Borrow, Lend and Loan teaches students the difference between the words borrow, lend and loan. Many students request help with Borrow, Lend and Loan because the words can be confusing due to their similar definitions. While choosing between them can be difficult, if you read this guide you’ll quickly see the difference.
to take something with a promise it will be returned
to give something with a promise it will be returned
(*Notice that Borrow and Lend are opposites*)
Loan (as a verb)
the act of lending
Loan (as a noun)
something loaned that will be returned (often money or other possessions – for example, you give a loan of $5 to a friend)
I need to borrow your pen for a minute, please!
Did he lend you his car for the weekend?
Can you loan me a few dollars? I’ll pay you back.
The bank gave me a loan for $10,000.
Mark: Can I borrow your book? I’ll give it back tomorrow!
Alice: I will lend it to you, but I really need it back. Please make sure you remember to bring it!
Mark: Don’t worry! I’ll remember!

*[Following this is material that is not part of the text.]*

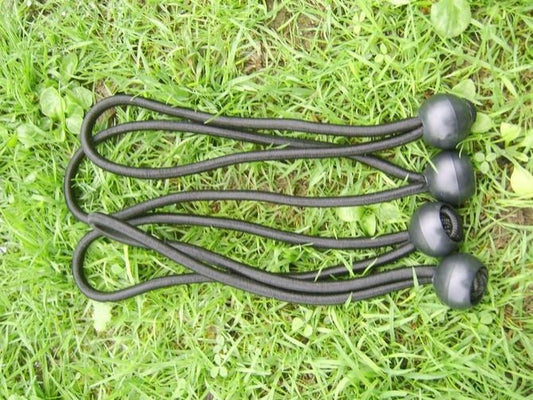 Canopy Wall Ties (Bungee Cord) - Set of 4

Thanks for loaning me the book, Alice.
Your Huge Hint
If you are thinking about which word to use, remember - borrow means to take, but lend and loan mean to give.
Sentence: “I want to borrow your iPad.” Replace borrow with take. Does “I want to take your iPad” make sense? Yes it does, so the sentence is correct.
Sentence: “Borrow me your book.” Replace borrow with take. Does “Take me your book” make sense? No it doesn’t, so the sentence is incorrect.
The same thing applies with loan and lend.
Sentence: "Lend me a dollar." Replace lend with “Give.” Does "Give me
a dollar" make sense? The sentence makes sense and is correct.
Sentence: "Can I loan your pen?" Replace loan with “give.” Does "Can I give your pen?" make sense? The sentence doesn’t make sense and is incorrect.